Katzenpopulationen wachsen in atemberaubendem Tempo. Zwei mal im Jahr kann eine Katze vier bis sechs junge Welpen austragen, die wiederum sind nach einem halben Jahr geschlechtsreif. Ausgesetzt streunern sie dann über Land und durch die Städte. „Oft sind sie in einem erbärmlichen Zustand“, so die Münchner Tierärztin Tanja Ludwig. „Die Tiere sind mager, ihr Fell glänzt nicht, die Augen sind vom Katzenschnupfen vereitert.“ Für manche Bauern seien Katzen nun mal etwas „wie Vögel: Tiere, die man sich selbst überlässt“.
Um das Problem zu lösen, propagieren Tierschützer derzeit die Registrierung und Kastration von Katzen, wie dies in Belgien bereits beschlossen ist: Das dortige Gesundheitsministerium plant, bis 2016 sämtliche Katzen zu kastrieren.

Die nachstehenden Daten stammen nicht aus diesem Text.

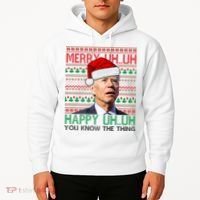 Merry You Know The Thing Funny Joe Biden Christmas Hoodie thumb 2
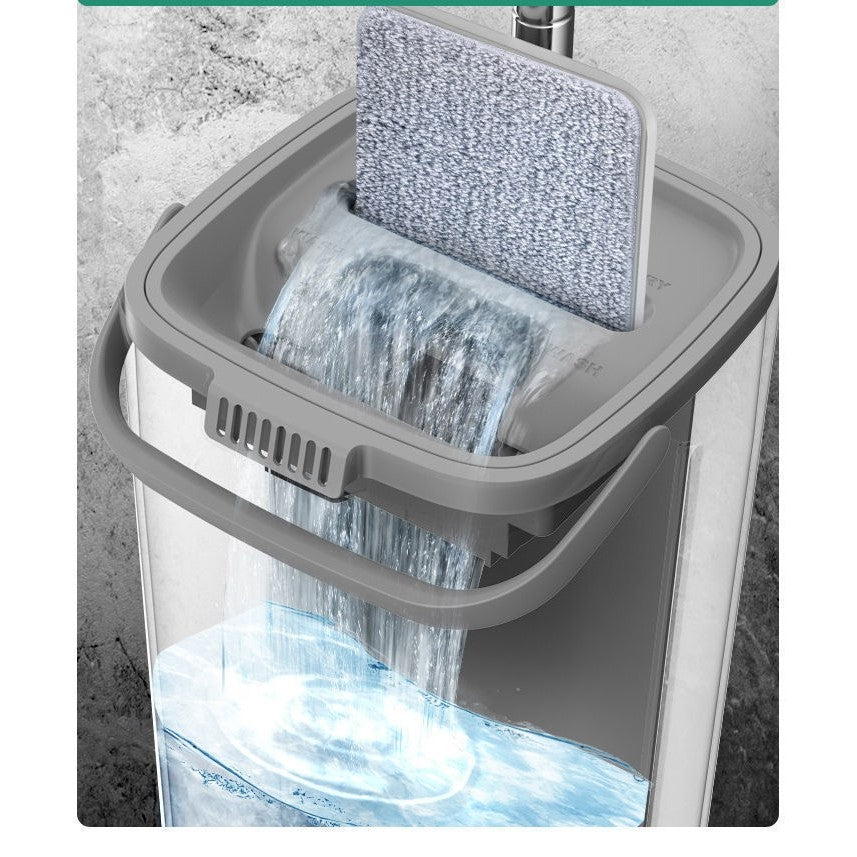 Set de curatenie Flippy, mop si galeata, galeata 5.7 l, 4 rezerve microfibra incluse, design modern, pentru interior, material plastic, peri sintetici, plat, cu storcere, alb-10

Eine Pilotkommune gibt es in Deutschland, Paderborn. Dort müssen Tierhalter seit zwei Jahren ihre Katzen registrieren und kastrieren lassen.
Aber ob das Modell ein Erfolg wird, sei erst in ein paar Jahren zu beurteilen, meint Dieter Dören vom Ordnungsamt der nordrhein-westfälischen Kommune. „Man kann die Tierhalter nicht flächendeckend kontrollieren.“ Paderborn versucht es gar nicht erst mit einer Kontrolle, extra Geld hat sie für den Katzenschutz, abgesehen von der Pauschale an die Tierheime, ebenfalls nicht.
In Bayern wurde ein entsprechender Antrag der SPD im Landtag abgelehnt. Die Kommunen bleiben lediglich verpflichtet, sich um sogenannte Fundtiere zu kümmern, nicht aber um herrenlos herumstreunende Katzen. Tierschützer wollen den Städten und Gemeinden jetzt antragen, die Kastration und Meldung von Katzen zur Pflicht zu machen.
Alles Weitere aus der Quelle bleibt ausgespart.